TASK DESCRIPTION
Only one stretch of the data should be retyped: the lines from the line containing "Franz Josef: 2.5" through the line containing "Kia Ceed 1.4". Keep pictures out of it.

::: INFORMATION :::

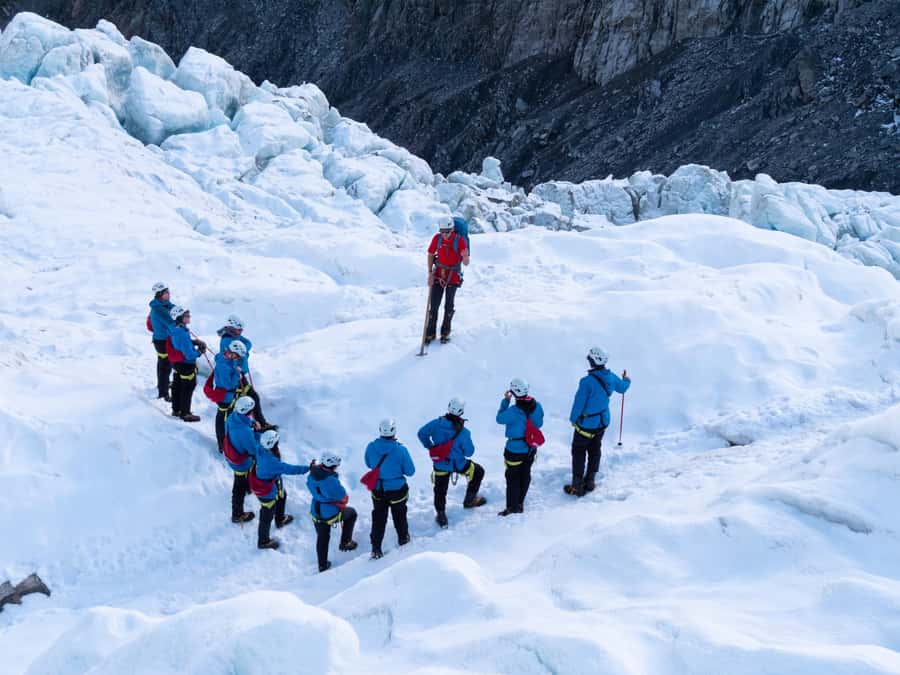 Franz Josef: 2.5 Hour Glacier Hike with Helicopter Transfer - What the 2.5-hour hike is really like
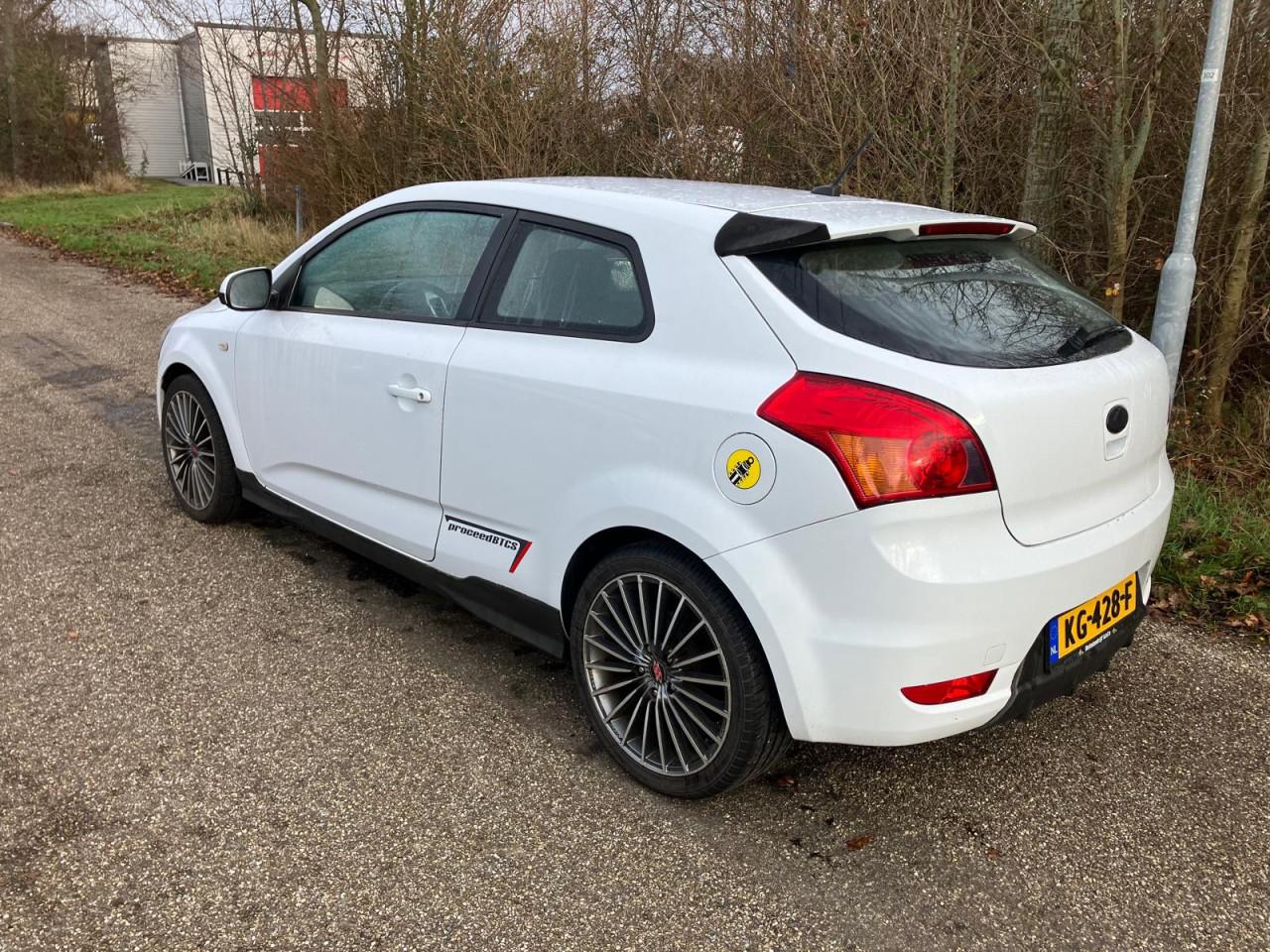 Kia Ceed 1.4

:::
::: INFORMATION :::

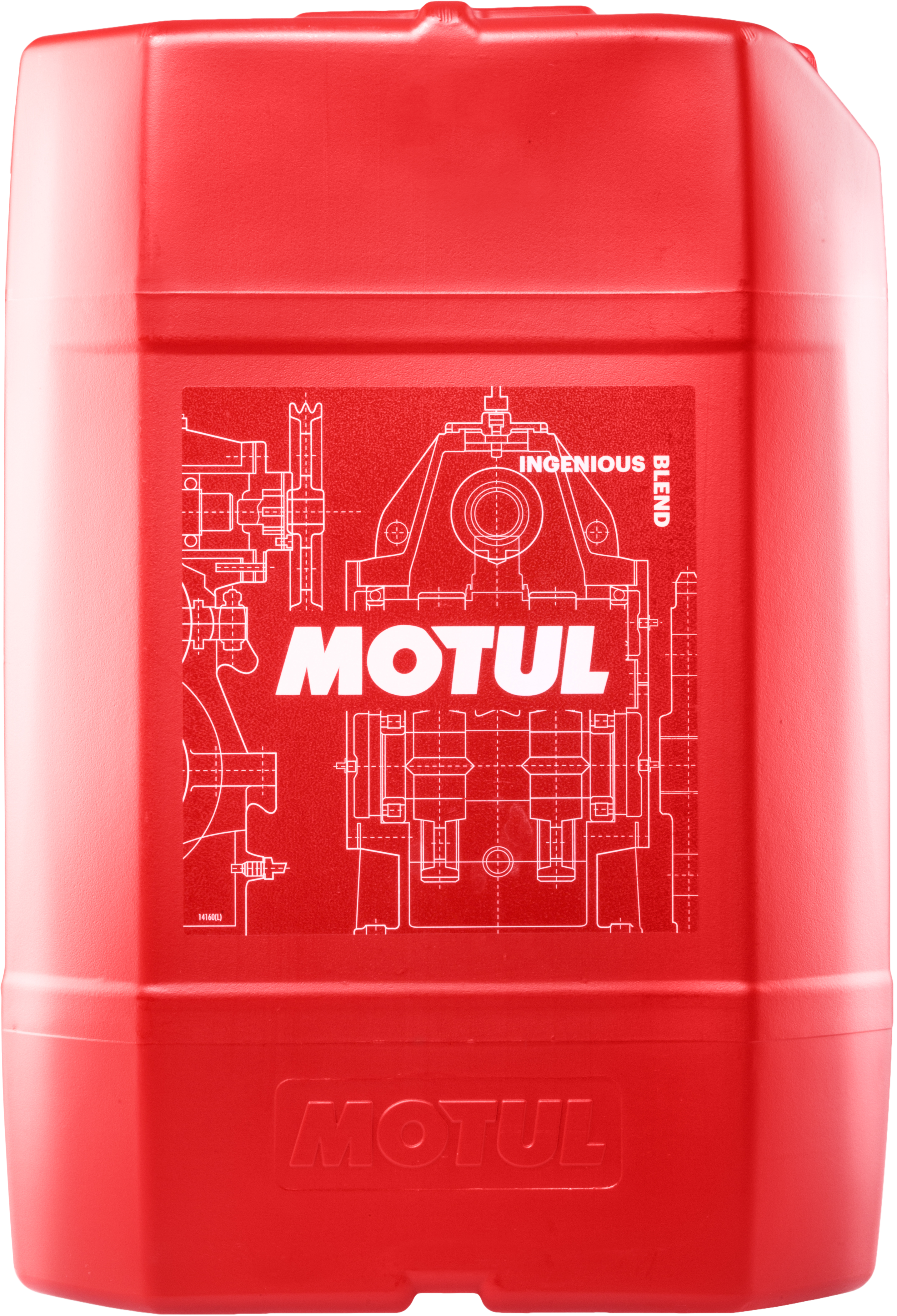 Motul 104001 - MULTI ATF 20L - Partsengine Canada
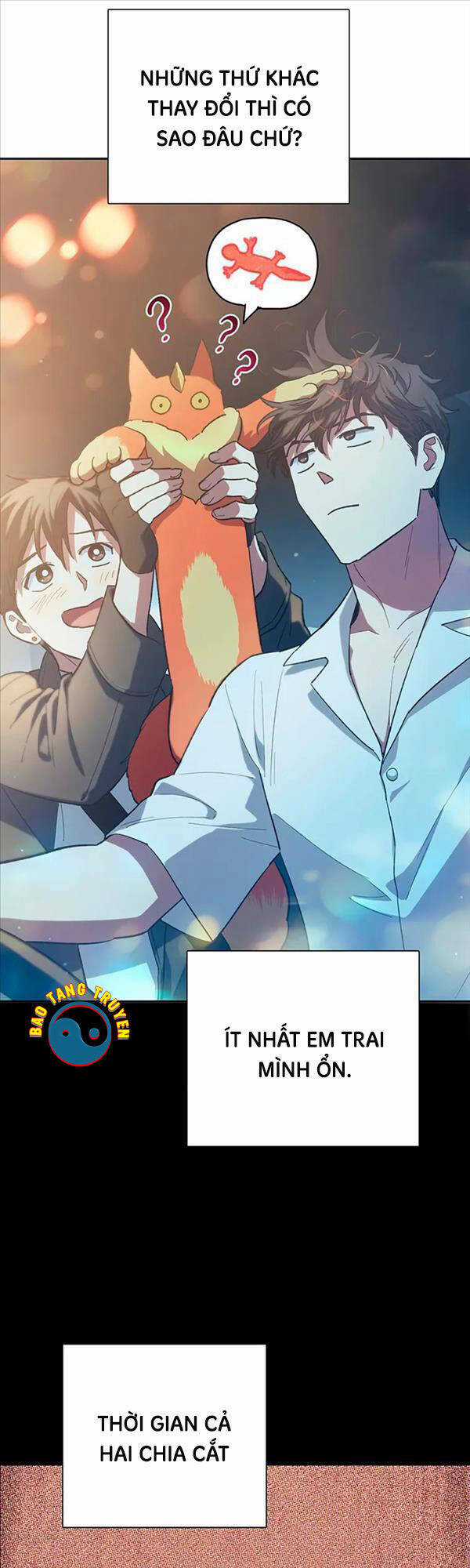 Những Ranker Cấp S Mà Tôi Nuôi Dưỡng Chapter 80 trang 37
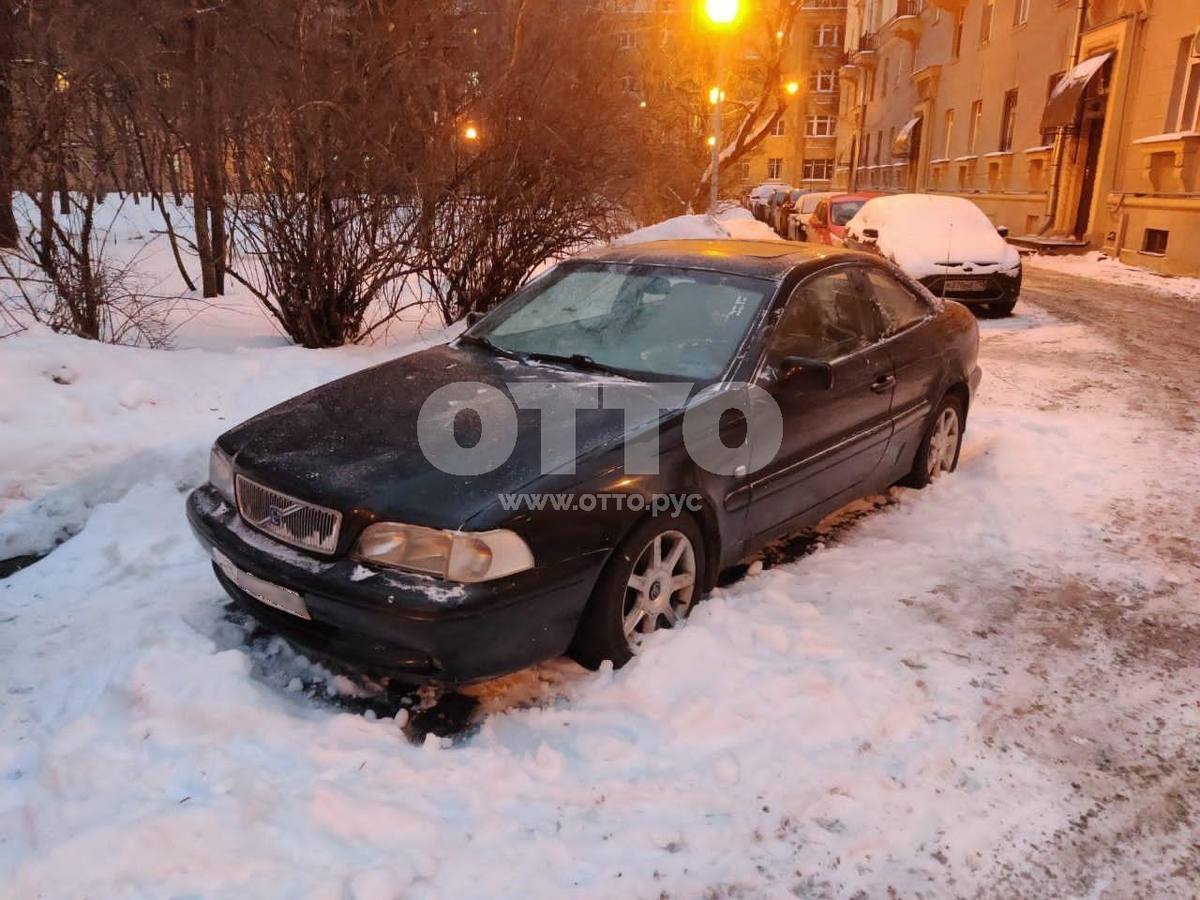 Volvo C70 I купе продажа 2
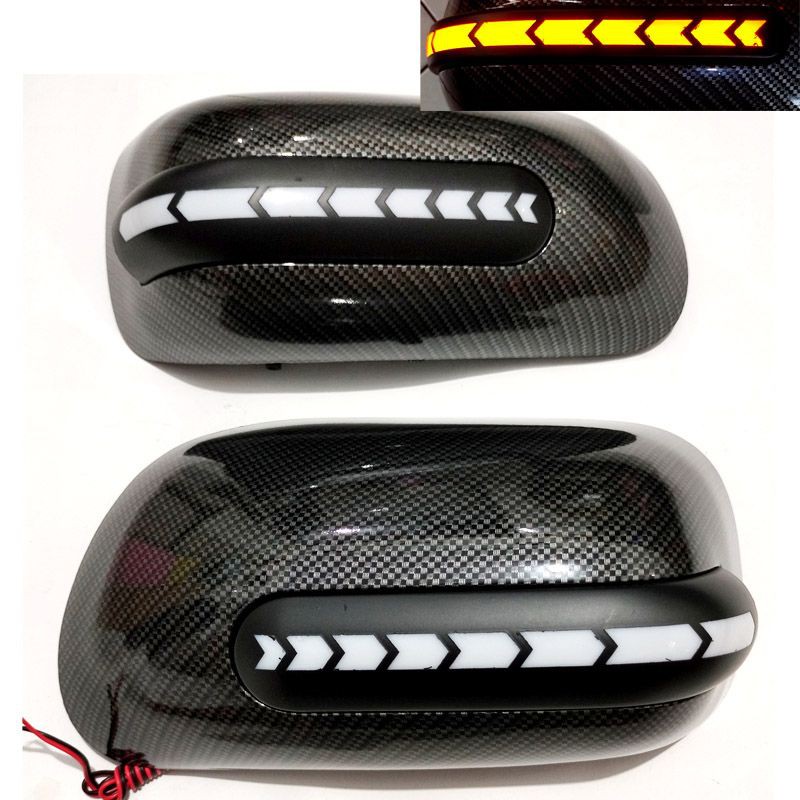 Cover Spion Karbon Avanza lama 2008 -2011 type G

:::
::: INFORMATION :::

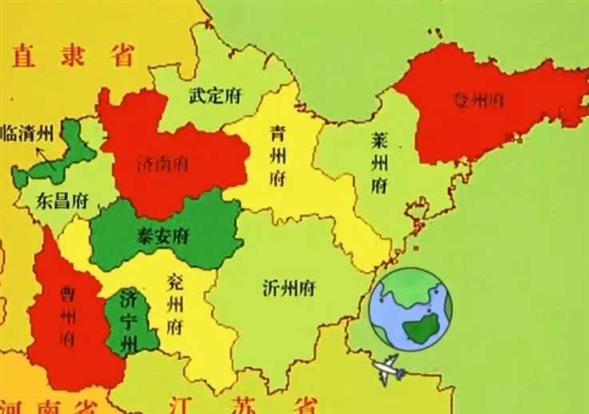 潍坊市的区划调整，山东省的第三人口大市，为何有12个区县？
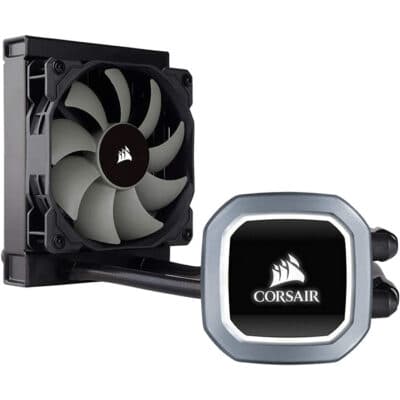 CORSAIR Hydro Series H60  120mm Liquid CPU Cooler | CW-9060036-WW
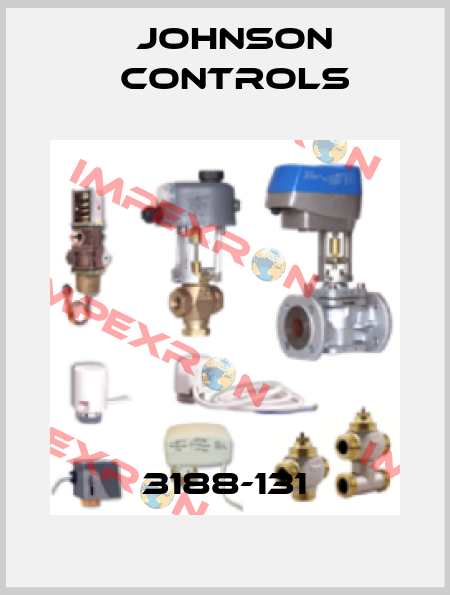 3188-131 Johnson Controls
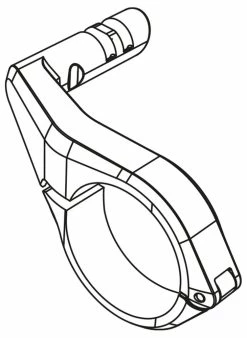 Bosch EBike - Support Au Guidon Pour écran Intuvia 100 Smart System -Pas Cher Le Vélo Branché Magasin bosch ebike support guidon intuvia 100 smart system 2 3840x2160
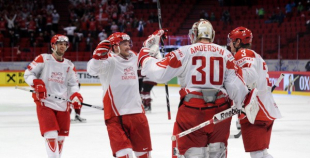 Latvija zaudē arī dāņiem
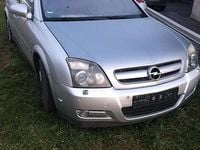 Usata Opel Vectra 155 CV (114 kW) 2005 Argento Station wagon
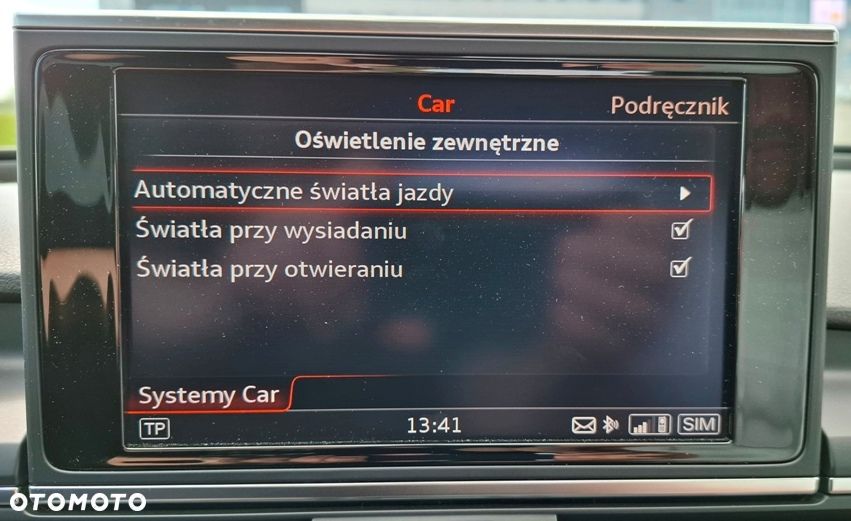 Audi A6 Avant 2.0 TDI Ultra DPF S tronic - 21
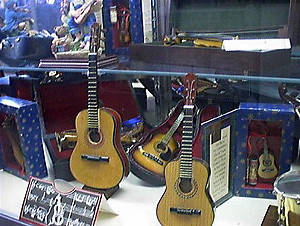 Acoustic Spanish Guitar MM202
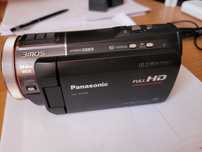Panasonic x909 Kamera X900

:::

RESPONSE AREA
 Franz Josef: 2.5 Hour Glacier Hike with Helicopter Transfer - What the 2.5-hour hike is really like
 Kia Ceed 1.4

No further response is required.